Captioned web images
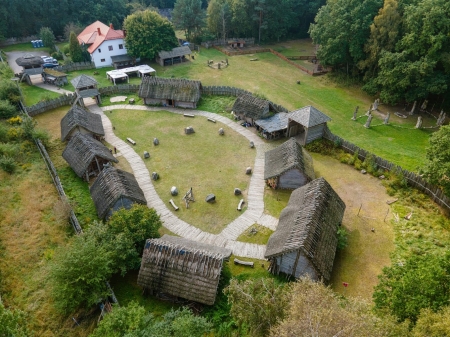WYCIECZKA DO OSADY SŁOWIAŃSKIEJ W SŁAWUTOWIE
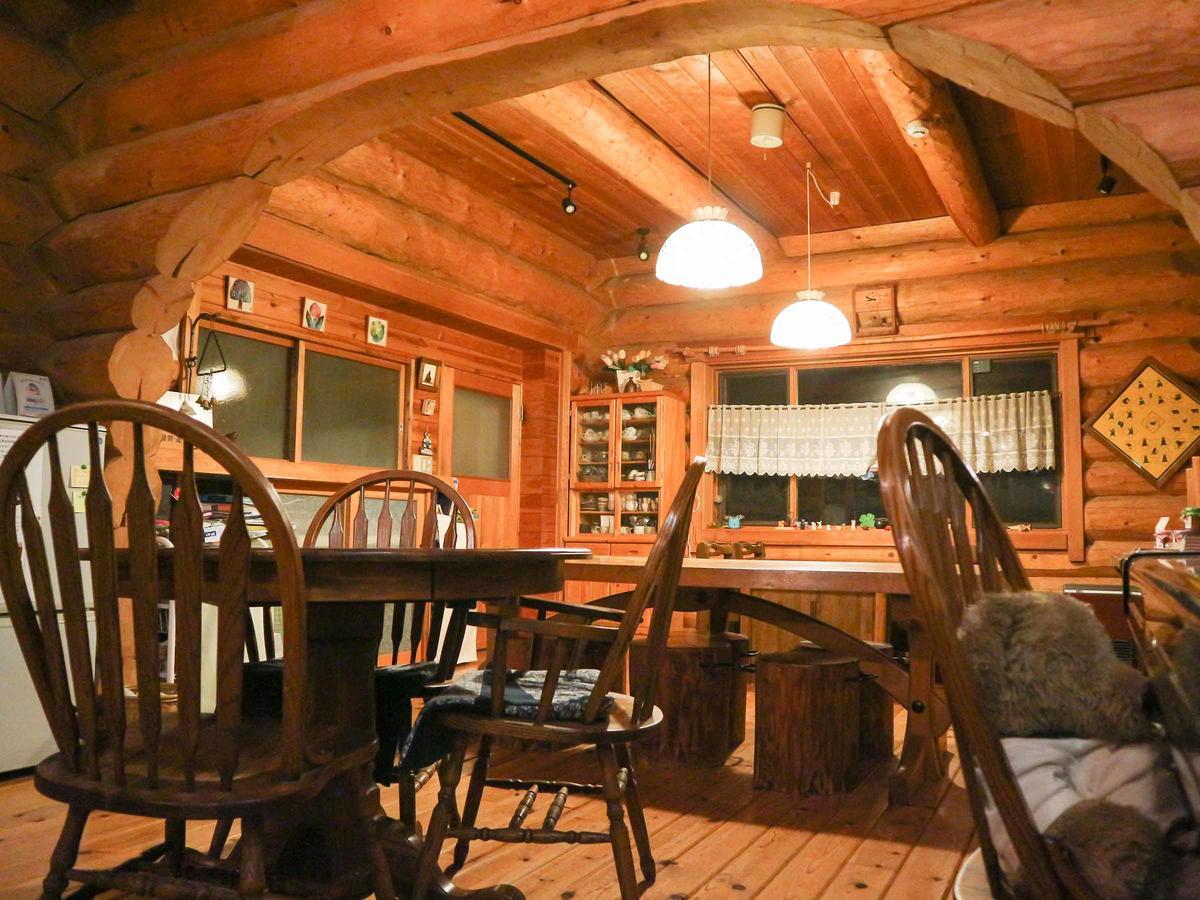 Canadian Loghouse Inn Azuminoyujin Exterior photo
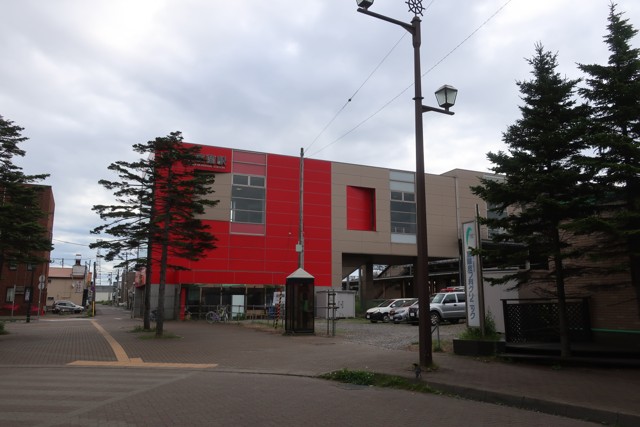 東室蘭駅 駅前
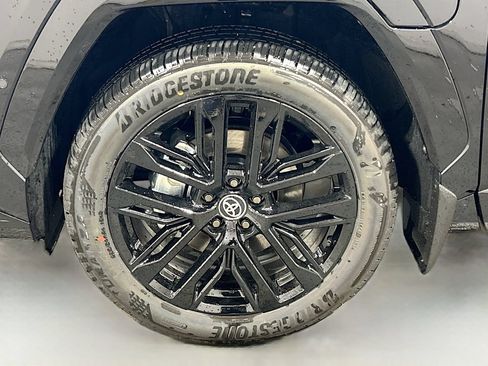 New 2026 Toyota RAV4 XSE AWD/4WD image 30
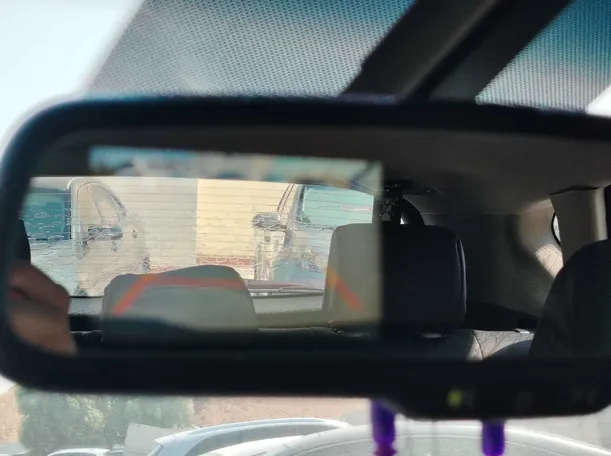 Car image 32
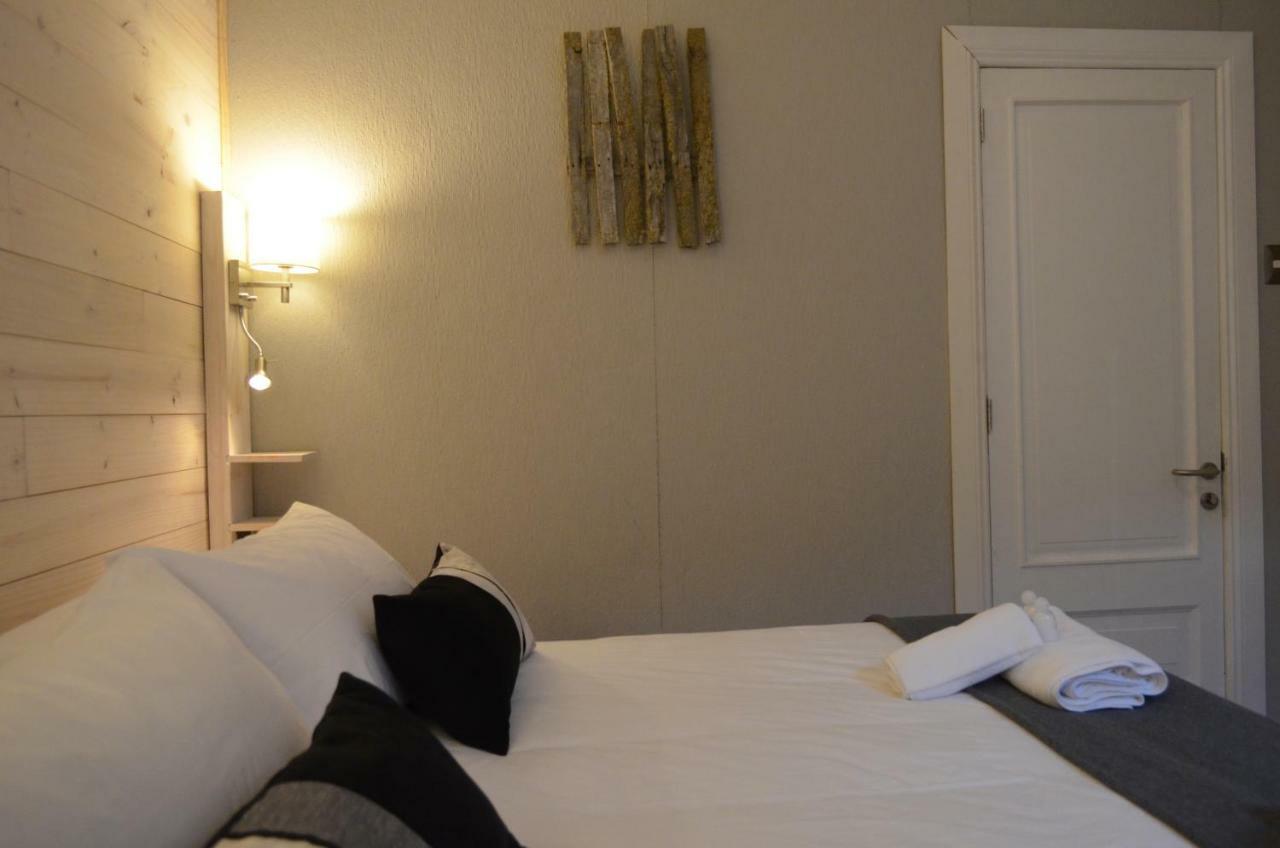 Hostal Boutique Puerta Roja Punta Arenas Bagian luar foto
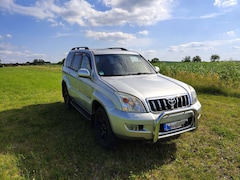 Toyota Land Cruiser J120 Executive Prado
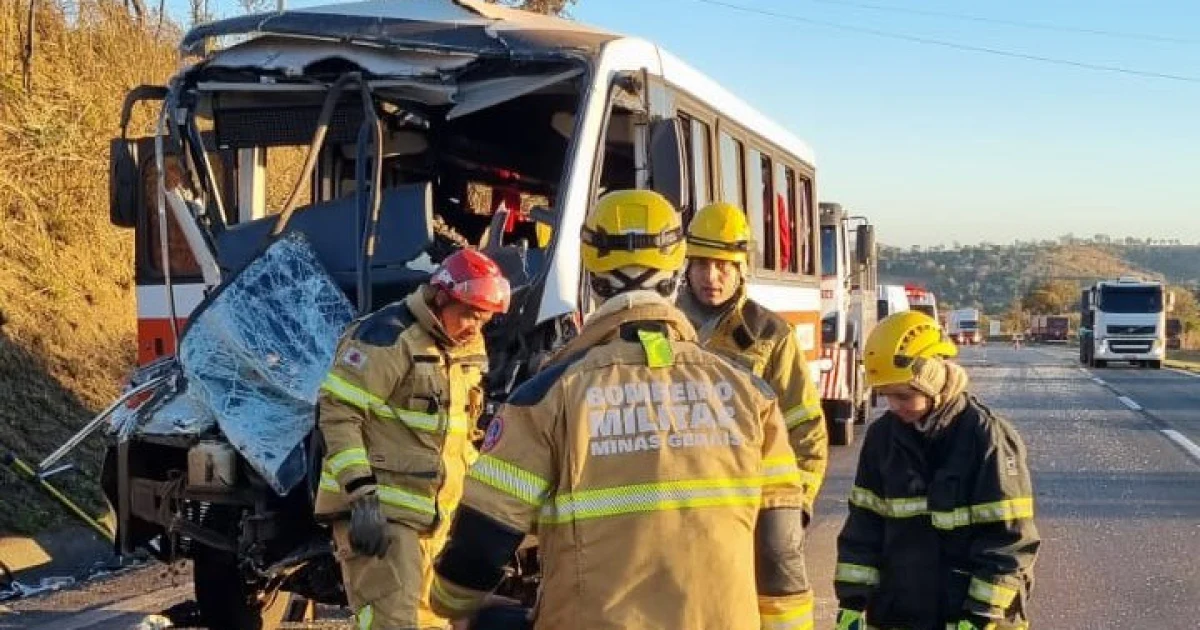 BR-040: vítimas do micro-ônibus relatam ultrapassagem antes do acidente com carreta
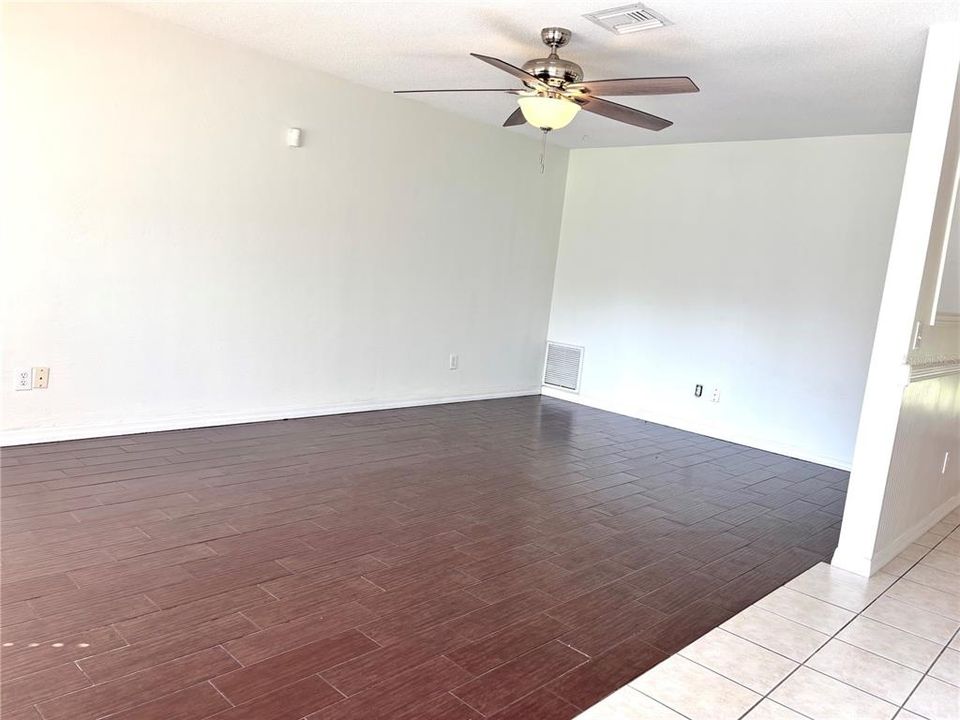 Active With Contract: $295,000 (3 beds, 2 baths, 1465 Square Feet)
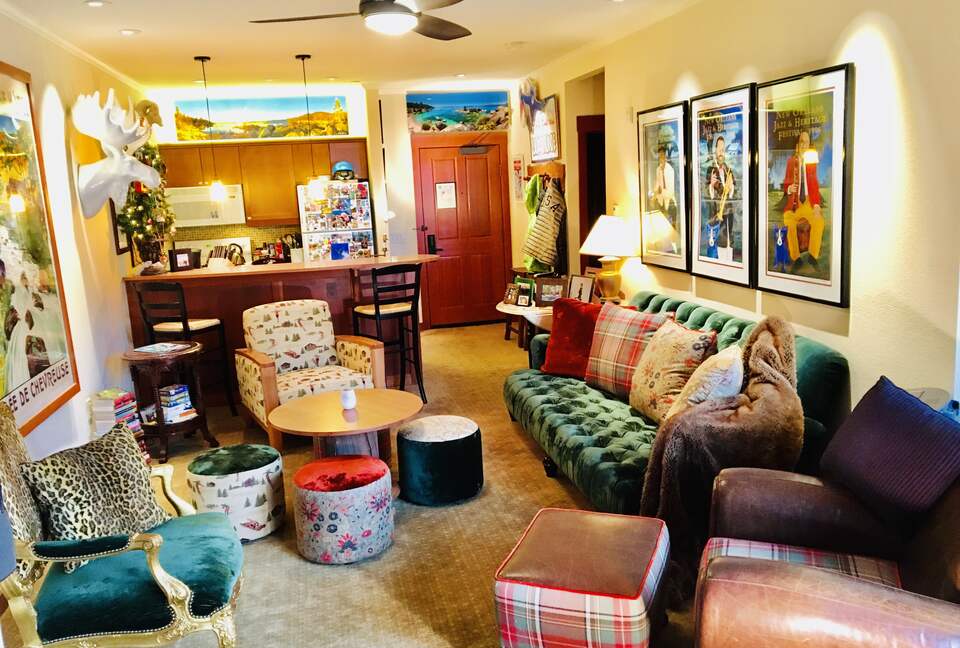 Luxury Ski-in-Ski-out Palisades Tahoe Village Retreat | With Mountain & Plaza Views - Olympic Valley, California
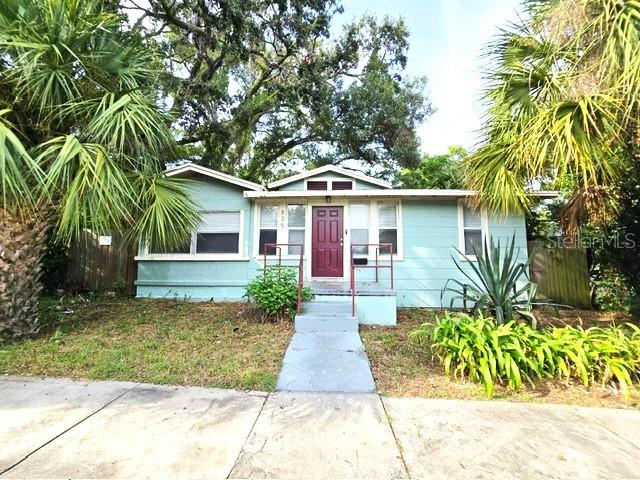 Updated St. Pete Rental!
Welcome home to this charming 4-bedroom, 2-bath property set on beautiful brick-paved streets. A decorative fireplace creates a warm first impression as you step inside. The home features updated wood-look flooring throughout the main living areas, with ceramic tile in the kitchen and bathrooms for durability and style. The central foyer and living room create a natural flow through the home. To the left, you’ll find two bedrooms, a full bath, the kitchen, and a laundry room. To the right, discover the third bedroom along with a spacious master suite and private bath. Enjoy the fenced backyard with alley access, offering both parking convenience and privacy.
Perfectly located just off 9th St. N, you’ll be only 1.6 miles from vibrant Downtown St. Petersburg with endless shopping, dining, and entertainment options.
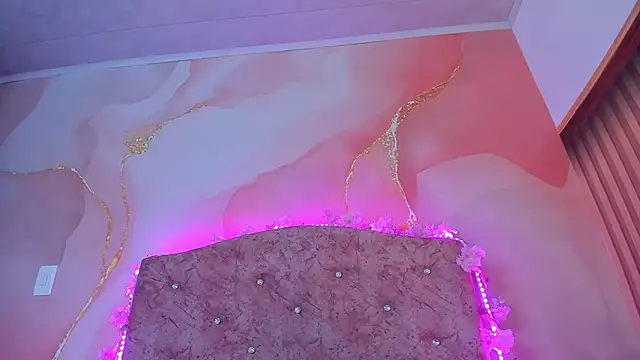 Snapshot of Bella__sweet chatting on 02-28-25, 06:52 Bella sweet online show from 02-28-25, 06:52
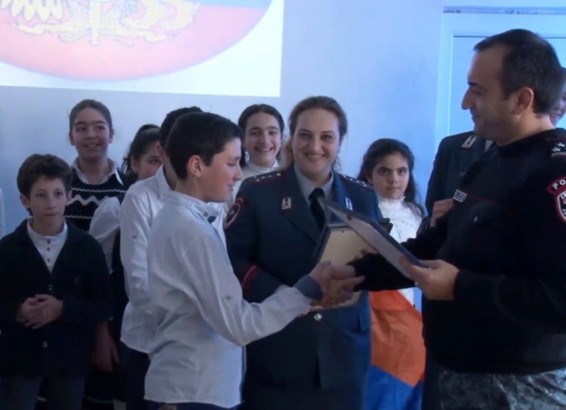Video. Հանցագործության բացահայտմանն աջակցած խիզախ դպրոցականները պարգևատրվեցին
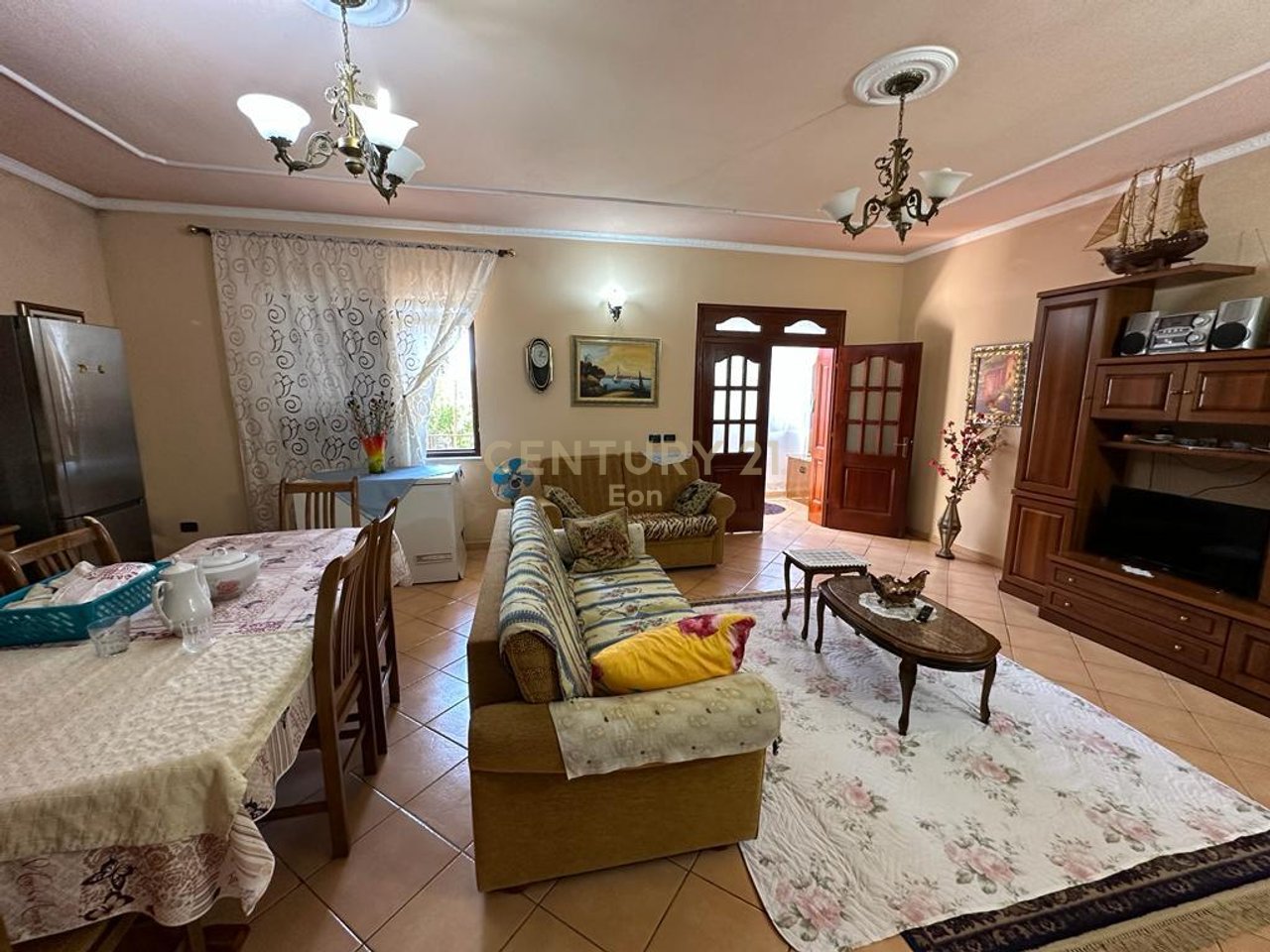 VILE PER SHITJE ME PAMJE DETI NE SHKALLNUR !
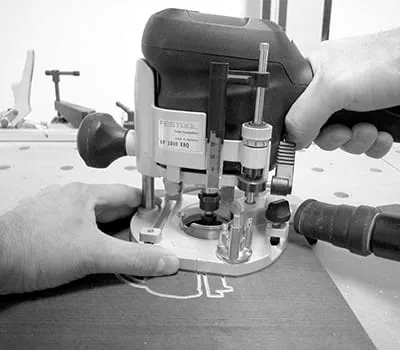 Führung der Oberfräse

• Exercise objective
Please transcribe all of the entries exactly and omit any picture they hold.

• Written answer
WYCIECZKA DO OSADY SŁOWIAŃSKIEJ W SŁAWUTOWIE
 Canadian Loghouse Inn Azuminoyujin Exterior photo
 東室蘭駅 駅前
 New 2026 Toyota RAV4 XSE AWD/4WD image 30
 Car image 32
 Hostal Boutique Puerta Roja Punta Arenas Bagian luar foto
 Toyota Land Cruiser J120 Executive Prado
 BR-040: vítimas do micro-ônibus relatam ultrapassagem antes do acidente com carreta
 Active With Contract: $295,000 (3 beds, 2 baths, 1465 Square Feet)
 Luxury Ski-in-Ski-out Palisades Tahoe Village Retreat | With Mountain & Plaza Views - Olympic Valley, California
 Updated St. Pete Rental!
Welcome home to this charming 4-bedroom, 2-bath property set on beautiful brick-paved streets. A decorative fireplace creates a warm first impression as you step inside. The home features updated wood-look flooring throughout the main living areas, with ceramic tile in the kitchen and bathrooms for durability and style. The central foyer and living room create a natural flow through the home. To the left, you’ll find two bedrooms, a full bath, the kitchen, and a laundry room. To the right, discover the third bedroom along with a spacious master suite and private bath. Enjoy the fenced backyard with alley access, offering both parking convenience and privacy.
Perfectly located just off 9th St. N, you’ll be only 1.6 miles from vibrant Downtown St. Petersburg with endless shopping, dining, and entertainment options.
 Snapshot of Bella__sweet chatting on 02-28-25, 06:52 Bella sweet online show from 02-28-25, 06:52
Video. Հանցագործության բացահայտմանն աջակցած խիզախ դպրոցականները պարգևատրվեցին
 VILE PER SHITJE ME PAMJE DETI NE SHKALLNUR !
 Führung der Oberfräse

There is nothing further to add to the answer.